[Spatial localization data]
+++++

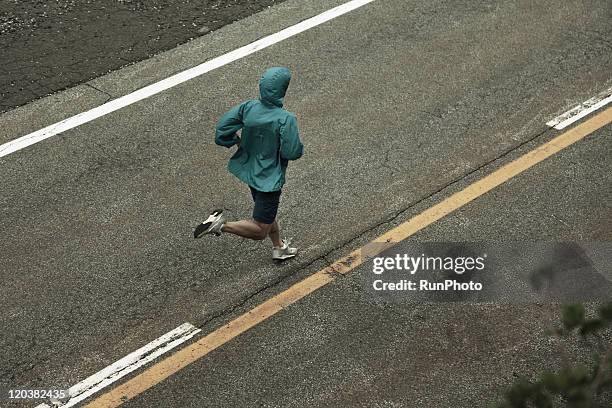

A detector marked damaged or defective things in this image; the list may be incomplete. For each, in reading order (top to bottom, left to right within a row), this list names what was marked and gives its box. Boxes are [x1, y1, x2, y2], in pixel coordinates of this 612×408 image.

cracked asphalt [0, 0, 286, 112]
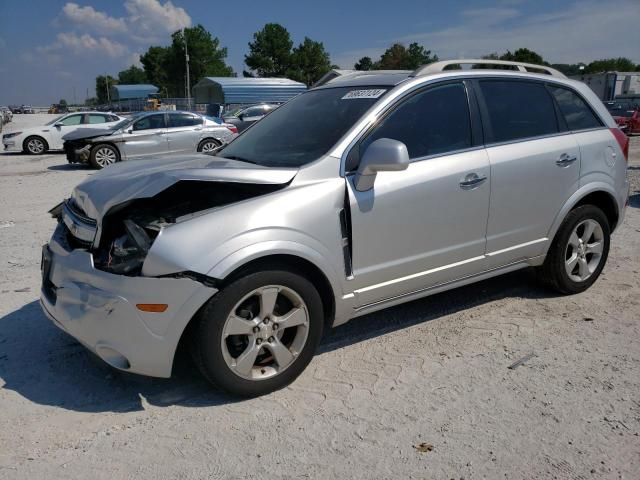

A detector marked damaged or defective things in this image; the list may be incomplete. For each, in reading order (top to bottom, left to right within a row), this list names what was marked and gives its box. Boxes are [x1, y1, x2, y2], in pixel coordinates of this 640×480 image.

crushed front bumper [42, 223, 219, 376]
crumpled hood [72, 155, 298, 220]
damaged silver suv [41, 61, 632, 398]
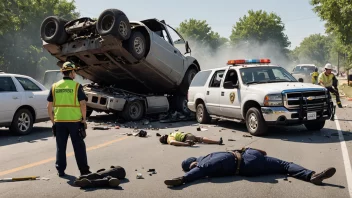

+++++

From the line containing "this 640×480 image." down to the last line of the data above, transcribe exactly those lines and no others; omit the pictures.

A detector marked damaged or defective things in this image; the list may be incomplete. For each, in reading order (top to bottom, left to right within a row), this list names what was marked and gives its box. Boxes are [x1, y1, x2, y2], in pixel coordinates of this 640×480 image.

crushed front bumper [42, 223, 219, 376]
crumpled hood [72, 155, 298, 220]
damaged silver suv [41, 61, 632, 398]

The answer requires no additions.